Yesterday a friend and I went down to MOCA to check out Trinket, an exhibition by Chicago-based artist William Pope.L. The centerpiece is a giant American flag, which is being continually buffeted by the wind from four large fans. The space grows brighter and darker at intervals as rows of lights go through pre-programmed cycles. It’s a pretty interesting show that raises lots of complicated questions about this country. I can’t say I felt emotionally engaged, and this is a problem I have with a lot of conceptual art. But it was well worth the trip, and it was cool to see work by an artist who’s willing to really dig into this country’s psyche.
After hitting MOCA, my friend and I went next door to check out the Japanese American National Museum. We spent some time in the galleries that document the internment of Japanese Americans during WWII. In a way, it was as though this show was the perfect follow up to the one we’d just seen.
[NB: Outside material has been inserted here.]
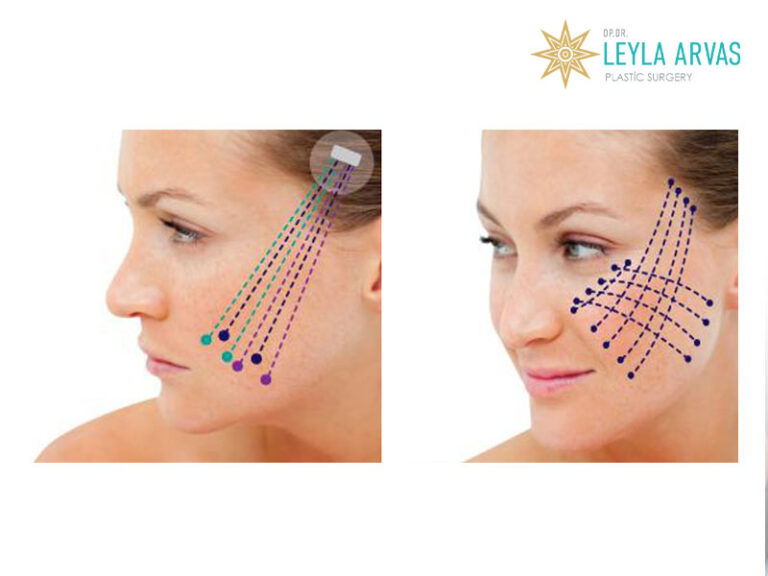 Deep Thread Lift - Lift & Tighten Your Skin - Op. Dr. Leyla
Both exhibitions make you think long and hard about this country, and some of the darker aspects of our history.
Then we decided to get some lunch. And this was the scene that caught my eye as we started walking down Central.
A man sleeping on the sidewalk, almost completely covered by an American flag blanket. An odd coincidence, given the shows we’d just seen, bringing up even more questions about where this country’s going.*
If you’re interested in taking a look at William Pope.L’s work, here’s the link for the show at MOCA.
And if you haven’t seen the exhibition at the JANM, I urge you to make the trip down there. Even though the internment happened decades ago, the issues the show raises are absolutely relevant to what’s going on in this country now.
Later it occurred to me that the guy on the sidewalk might actually be a part of the show at MOCA. Even if that’s true, it’s a cool way to bring art out of the gallery and into the street.